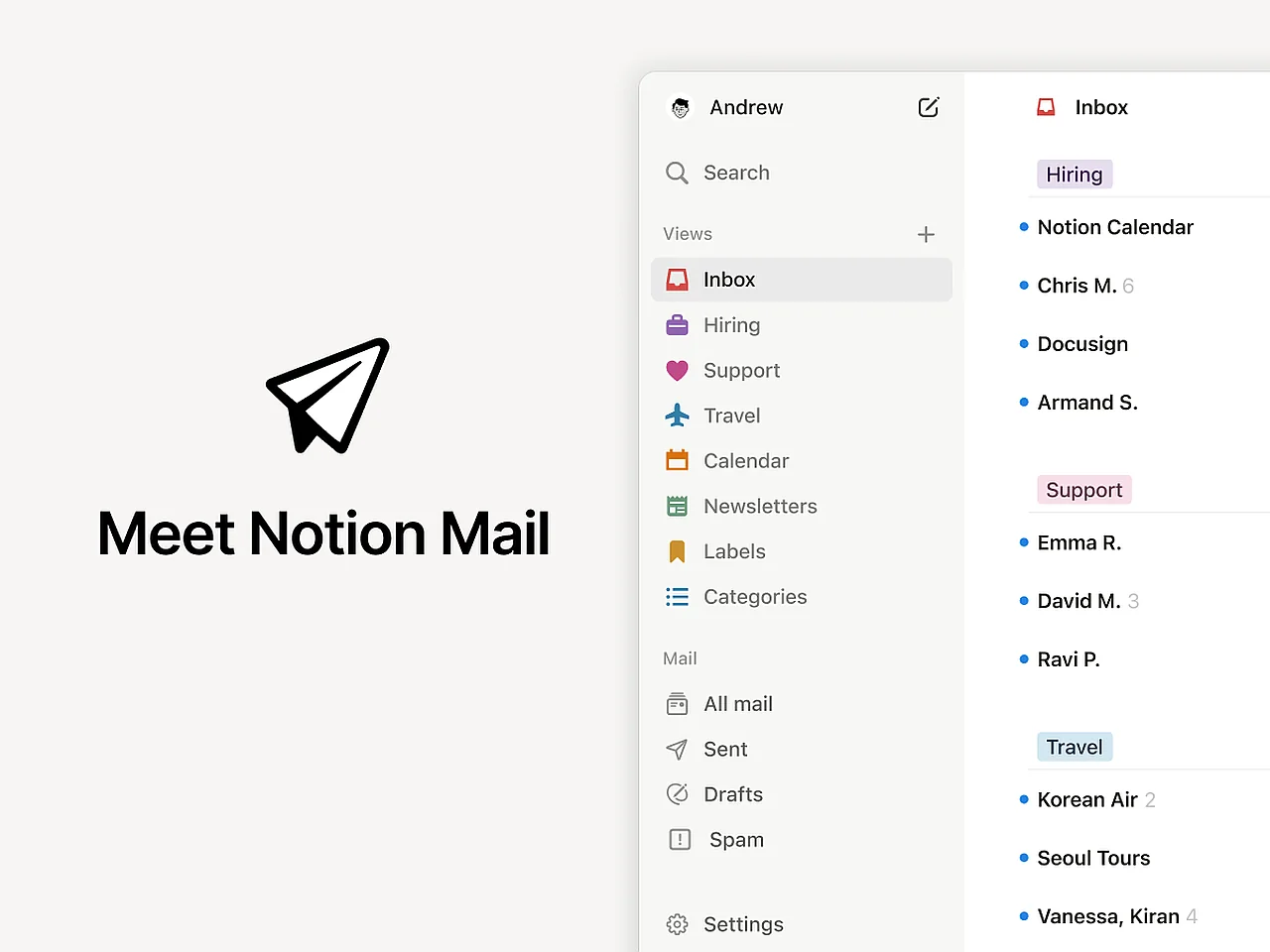 Сервис Notion Mail был остановлен и переведен на искусственный интеллект.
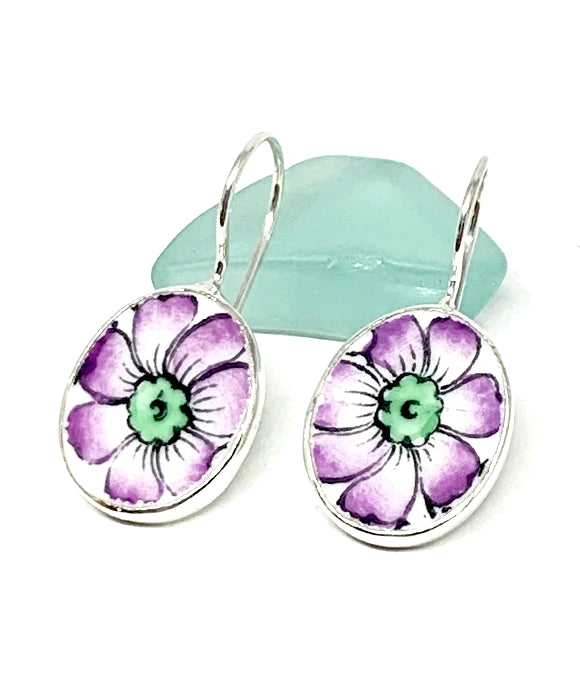 Purple Flower Vintage Pottery Oval Single Drop Earrings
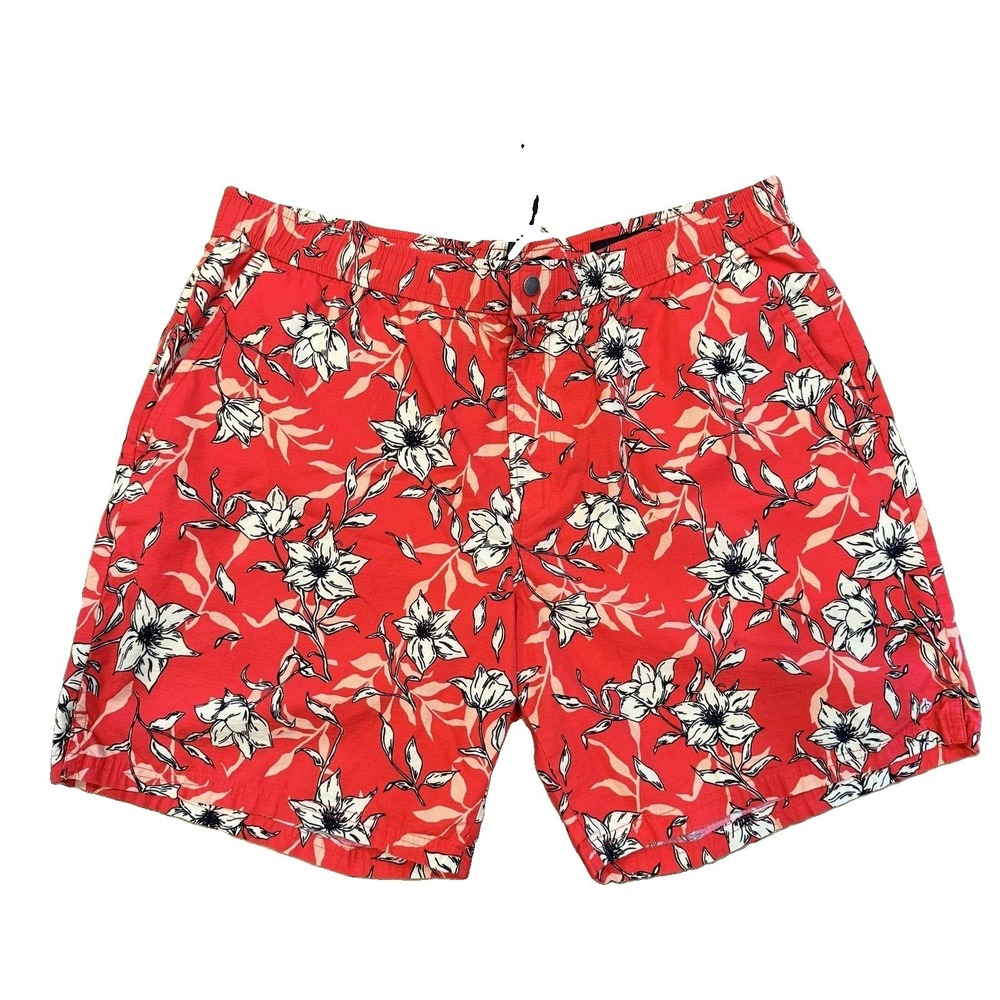 Rag & Bone Chino Shorts Mens XL Red Floral Cotton Drawstring Beach Tropical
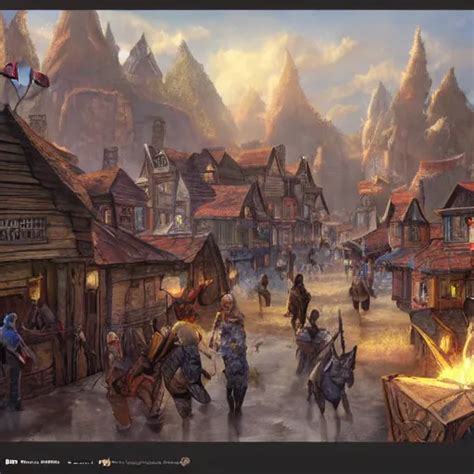 Large Fantasy Town Filled With People Game Concept Stable Diffusion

|---|

• Exercise:
Without including any picture, copy the listing above exactly and in full.

• Solution to the exercise:
 Сервис Notion Mail был остановлен и переведен на искусственный интеллект.
 Purple Flower Vintage Pottery Oval Single Drop Earrings
 Rag & Bone Chino Shorts Mens XL Red Floral Cotton Drawstring Beach Tropical
 Large Fantasy Town Filled With People Game Concept Stable Diffusion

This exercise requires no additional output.